Sat, Oct 12 - Sun, Jul 19  2020

The exhibition How We Live: Selections from the Marc and Livia Straus Family Collection will be presented in the Hudson Valley MOCA. The exhibition will be on view from October 12, 2019 to July 19, 2020, with a public reception on October 12th from 4:00 to 7:00 PM.

How We Live is a sculpture and video exhibition from the Marc and Livia Straus Family Collection. It includes artists from around the globe who explore the particularities of their individual cultures through art. 34 sculptures by 31 artists along with six video artists showcase unique heritages, and in doing so enrich our understanding of the world.

The Strauses have always been interested in art that fosters cross-cultural dialogue. They started collecting at age 20, taking risks to buy work that was not yet understood, often being amongst the first collectors for many artists. Their collecting practice extended beyond just purchasing, as they underwrote the fabrication of some of the works included. In each instance their choices were prescient and remain among the most seminal works by the artists.

Magali Reus, B. 1981 Lukes (Caustic Sdwlk), 2014 Iron-Phosphates, powder coated and folded riveted steel, polystyrene, powder coated aluminum, coiled steel and aluminum, fabric, Airtex 71 x 25 x 22 inches

How We Live

How does production, from household items to artistic creation, become a product itself of the lived experience? Moving past depictions of the human form, How We Live uses sculpture and video to explore the creativity and production of humanity across a multitude of geographies, cultures, and times.

Thirty-seven artists representing twenty-one countries showcase the unique heritage and cultures of our planet by focusing on the minutiae, the personal, and profound, exchanging a non-hierarchical fluidity with their surroundings that resembles the age-old chicken and egg debate.

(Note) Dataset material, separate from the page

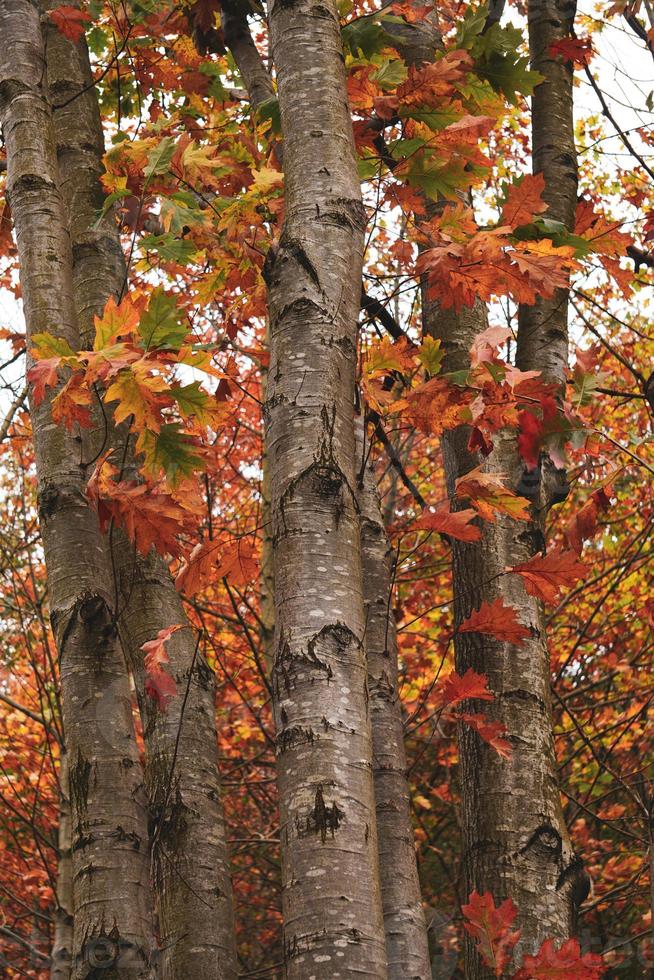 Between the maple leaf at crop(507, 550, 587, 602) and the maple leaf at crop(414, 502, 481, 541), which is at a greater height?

This exhibition explores the ways in which artists simultaneously bring the world around them into their practice, while in turn influencing the world and environment with their work.

Each work can be read as an exploration of an artist’s life through the lens of their own culture, a testament to the ways in which culture manifests in creation, both consciously and subconsciously. Continuing the conversation begun through Death is Irrelevant, How We Live examines the immortalization of cultural traits, values, and habits rendered not through the depiction of the human form or body, but through the habits of said body as it enacts the processes of living.